▶ **Task directions**
Could you output every record below exactly as it appears?

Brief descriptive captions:

==================================================

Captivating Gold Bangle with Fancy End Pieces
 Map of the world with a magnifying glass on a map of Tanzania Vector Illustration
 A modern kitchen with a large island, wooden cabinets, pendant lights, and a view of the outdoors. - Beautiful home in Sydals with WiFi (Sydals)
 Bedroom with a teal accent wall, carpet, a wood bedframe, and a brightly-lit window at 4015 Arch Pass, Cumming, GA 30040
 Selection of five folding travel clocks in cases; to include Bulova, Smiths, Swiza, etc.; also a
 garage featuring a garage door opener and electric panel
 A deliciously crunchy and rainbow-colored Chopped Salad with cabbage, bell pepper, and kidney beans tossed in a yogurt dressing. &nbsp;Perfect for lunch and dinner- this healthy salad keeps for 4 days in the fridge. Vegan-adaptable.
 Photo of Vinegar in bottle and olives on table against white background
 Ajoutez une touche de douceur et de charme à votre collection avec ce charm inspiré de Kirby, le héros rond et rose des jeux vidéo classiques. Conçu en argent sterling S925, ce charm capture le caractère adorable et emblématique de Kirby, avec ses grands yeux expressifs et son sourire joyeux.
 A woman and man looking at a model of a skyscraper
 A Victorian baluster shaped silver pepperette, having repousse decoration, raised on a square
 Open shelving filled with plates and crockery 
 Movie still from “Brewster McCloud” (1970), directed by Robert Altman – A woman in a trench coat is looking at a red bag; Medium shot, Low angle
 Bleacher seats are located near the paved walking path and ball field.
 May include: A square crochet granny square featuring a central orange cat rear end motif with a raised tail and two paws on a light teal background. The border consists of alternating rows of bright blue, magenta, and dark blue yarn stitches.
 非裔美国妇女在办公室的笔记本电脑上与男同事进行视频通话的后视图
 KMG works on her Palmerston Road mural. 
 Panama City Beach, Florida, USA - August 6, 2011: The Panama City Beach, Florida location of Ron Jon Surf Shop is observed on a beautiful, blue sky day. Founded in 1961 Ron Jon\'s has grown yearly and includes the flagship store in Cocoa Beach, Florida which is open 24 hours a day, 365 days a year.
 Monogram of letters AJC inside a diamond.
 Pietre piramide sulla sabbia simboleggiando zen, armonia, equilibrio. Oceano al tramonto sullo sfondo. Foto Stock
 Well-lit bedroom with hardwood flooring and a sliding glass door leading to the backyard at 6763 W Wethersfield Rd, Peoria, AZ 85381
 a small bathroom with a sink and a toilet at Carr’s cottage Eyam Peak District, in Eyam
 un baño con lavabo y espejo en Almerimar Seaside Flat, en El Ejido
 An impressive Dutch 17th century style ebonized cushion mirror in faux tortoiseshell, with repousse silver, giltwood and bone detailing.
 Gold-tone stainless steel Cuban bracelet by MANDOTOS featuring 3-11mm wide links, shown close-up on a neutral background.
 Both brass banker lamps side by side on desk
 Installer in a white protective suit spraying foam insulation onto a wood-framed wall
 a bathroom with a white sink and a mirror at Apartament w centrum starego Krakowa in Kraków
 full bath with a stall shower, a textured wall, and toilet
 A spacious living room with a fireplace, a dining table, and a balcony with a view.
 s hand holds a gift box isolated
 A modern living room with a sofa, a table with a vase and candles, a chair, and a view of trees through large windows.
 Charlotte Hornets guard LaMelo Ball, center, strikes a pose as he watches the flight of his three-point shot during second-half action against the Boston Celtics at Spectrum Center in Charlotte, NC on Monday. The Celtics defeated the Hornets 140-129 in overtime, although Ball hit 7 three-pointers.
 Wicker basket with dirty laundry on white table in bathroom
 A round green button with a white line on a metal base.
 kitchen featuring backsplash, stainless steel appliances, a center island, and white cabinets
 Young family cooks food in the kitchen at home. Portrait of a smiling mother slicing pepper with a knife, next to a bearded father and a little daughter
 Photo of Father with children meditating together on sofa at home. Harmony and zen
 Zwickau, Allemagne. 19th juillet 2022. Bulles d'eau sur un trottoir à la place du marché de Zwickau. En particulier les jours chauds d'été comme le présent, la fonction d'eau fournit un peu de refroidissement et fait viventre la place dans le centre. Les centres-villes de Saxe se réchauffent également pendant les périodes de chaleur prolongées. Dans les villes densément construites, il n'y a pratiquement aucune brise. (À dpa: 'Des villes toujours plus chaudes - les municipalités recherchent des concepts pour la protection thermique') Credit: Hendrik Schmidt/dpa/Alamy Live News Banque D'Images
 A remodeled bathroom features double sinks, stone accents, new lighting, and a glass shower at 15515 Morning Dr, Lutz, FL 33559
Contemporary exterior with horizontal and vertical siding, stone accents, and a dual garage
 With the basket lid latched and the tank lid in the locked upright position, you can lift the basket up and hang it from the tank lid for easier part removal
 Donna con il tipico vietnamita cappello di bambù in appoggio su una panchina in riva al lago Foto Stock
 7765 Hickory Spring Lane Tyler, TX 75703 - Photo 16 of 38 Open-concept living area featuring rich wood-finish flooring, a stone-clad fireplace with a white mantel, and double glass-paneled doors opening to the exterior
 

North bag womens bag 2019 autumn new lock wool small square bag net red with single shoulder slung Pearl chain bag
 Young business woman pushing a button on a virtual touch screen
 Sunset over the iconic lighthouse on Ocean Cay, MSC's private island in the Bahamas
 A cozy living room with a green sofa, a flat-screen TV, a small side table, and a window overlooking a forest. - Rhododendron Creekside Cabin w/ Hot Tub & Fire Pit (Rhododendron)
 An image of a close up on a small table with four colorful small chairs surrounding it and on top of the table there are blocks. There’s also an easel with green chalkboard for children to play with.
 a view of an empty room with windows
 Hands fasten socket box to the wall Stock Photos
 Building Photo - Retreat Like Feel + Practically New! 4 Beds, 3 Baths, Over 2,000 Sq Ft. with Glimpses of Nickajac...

==================================================

▶ **Output for this exercise**
Captivating Gold Bangle with Fancy End Pieces
 Map of the world with a magnifying glass on a map of Tanzania Vector Illustration
 A modern kitchen with a large island, wooden cabinets, pendant lights, and a view of the outdoors. - Beautiful home in Sydals with WiFi (Sydals)
 Bedroom with a teal accent wall, carpet, a wood bedframe, and a brightly-lit window at 4015 Arch Pass, Cumming, GA 30040
 Selection of five folding travel clocks in cases; to include Bulova, Smiths, Swiza, etc.; also a
 garage featuring a garage door opener and electric panel
 A deliciously crunchy and rainbow-colored Chopped Salad with cabbage, bell pepper, and kidney beans tossed in a yogurt dressing. &nbsp;Perfect for lunch and dinner- this healthy salad keeps for 4 days in the fridge. Vegan-adaptable.
 Photo of Vinegar in bottle and olives on table against white background
 Ajoutez une touche de douceur et de charme à votre collection avec ce charm inspiré de Kirby, le héros rond et rose des jeux vidéo classiques. Conçu en argent sterling S925, ce charm capture le caractère adorable et emblématique de Kirby, avec ses grands yeux expressifs et son sourire joyeux.
 A woman and man looking at a model of a skyscraper
 A Victorian baluster shaped silver pepperette, having repousse decoration, raised on a square
 Open shelving filled with plates and crockery 
 Movie still from “Brewster McCloud” (1970), directed by Robert Altman – A woman in a trench coat is looking at a red bag; Medium shot, Low angle
 Bleacher seats are located near the paved walking path and ball field.
 May include: A square crochet granny square featuring a central orange cat rear end motif with a raised tail and two paws on a light teal background. The border consists of alternating rows of bright blue, magenta, and dark blue yarn stitches.
 非裔美国妇女在办公室的笔记本电脑上与男同事进行视频通话的后视图
 KMG works on her Palmerston Road mural. 
 Panama City Beach, Florida, USA - August 6, 2011: The Panama City Beach, Florida location of Ron Jon Surf Shop is observed on a beautiful, blue sky day. Founded in 1961 Ron Jon\'s has grown yearly and includes the flagship store in Cocoa Beach, Florida which is open 24 hours a day, 365 days a year.
 Monogram of letters AJC inside a diamond.
 Pietre piramide sulla sabbia simboleggiando zen, armonia, equilibrio. Oceano al tramonto sullo sfondo. Foto Stock
 Well-lit bedroom with hardwood flooring and a sliding glass door leading to the backyard at 6763 W Wethersfield Rd, Peoria, AZ 85381
 a small bathroom with a sink and a toilet at Carr’s cottage Eyam Peak District, in Eyam
 un baño con lavabo y espejo en Almerimar Seaside Flat, en El Ejido
 An impressive Dutch 17th century style ebonized cushion mirror in faux tortoiseshell, with repousse silver, giltwood and bone detailing.
 Gold-tone stainless steel Cuban bracelet by MANDOTOS featuring 3-11mm wide links, shown close-up on a neutral background.
 Both brass banker lamps side by side on desk
 Installer in a white protective suit spraying foam insulation onto a wood-framed wall
 a bathroom with a white sink and a mirror at Apartament w centrum starego Krakowa in Kraków
 full bath with a stall shower, a textured wall, and toilet
 A spacious living room with a fireplace, a dining table, and a balcony with a view.
 s hand holds a gift box isolated
 A modern living room with a sofa, a table with a vase and candles, a chair, and a view of trees through large windows.
 Charlotte Hornets guard LaMelo Ball, center, strikes a pose as he watches the flight of his three-point shot during second-half action against the Boston Celtics at Spectrum Center in Charlotte, NC on Monday. The Celtics defeated the Hornets 140-129 in overtime, although Ball hit 7 three-pointers.
 Wicker basket with dirty laundry on white table in bathroom
 A round green button with a white line on a metal base.
 kitchen featuring backsplash, stainless steel appliances, a center island, and white cabinets
 Young family cooks food in the kitchen at home. Portrait of a smiling mother slicing pepper with a knife, next to a bearded father and a little daughter
 Photo of Father with children meditating together on sofa at home. Harmony and zen
 Zwickau, Allemagne. 19th juillet 2022. Bulles d'eau sur un trottoir à la place du marché de Zwickau. En particulier les jours chauds d'été comme le présent, la fonction d'eau fournit un peu de refroidissement et fait viventre la place dans le centre. Les centres-villes de Saxe se réchauffent également pendant les périodes de chaleur prolongées. Dans les villes densément construites, il n'y a pratiquement aucune brise. (À dpa: 'Des villes toujours plus chaudes - les municipalités recherchent des concepts pour la protection thermique') Credit: Hendrik Schmidt/dpa/Alamy Live News Banque D'Images
 A remodeled bathroom features double sinks, stone accents, new lighting, and a glass shower at 15515 Morning Dr, Lutz, FL 33559
Contemporary exterior with horizontal and vertical siding, stone accents, and a dual garage
 With the basket lid latched and the tank lid in the locked upright position, you can lift the basket up and hang it from the tank lid for easier part removal
 Donna con il tipico vietnamita cappello di bambù in appoggio su una panchina in riva al lago Foto Stock
 7765 Hickory Spring Lane Tyler, TX 75703 - Photo 16 of 38 Open-concept living area featuring rich wood-finish flooring, a stone-clad fireplace with a white mantel, and double glass-paneled doors opening to the exterior
 

North bag womens bag 2019 autumn new lock wool small square bag net red with single shoulder slung Pearl chain bag
 Young business woman pushing a button on a virtual touch screen
 Sunset over the iconic lighthouse on Ocean Cay, MSC's private island in the Bahamas
 A cozy living room with a green sofa, a flat-screen TV, a small side table, and a window overlooking a forest. - Rhododendron Creekside Cabin w/ Hot Tub & Fire Pit (Rhododendron)
 An image of a close up on a small table with four colorful small chairs surrounding it and on top of the table there are blocks. There’s also an easel with green chalkboard for children to play with.
 a view of an empty room with windows
 Hands fasten socket box to the wall Stock Photos
 Building Photo - Retreat Like Feel + Practically New! 4 Beds, 3 Baths, Over 2,000 Sq Ft. with Glimpses of Nickajac...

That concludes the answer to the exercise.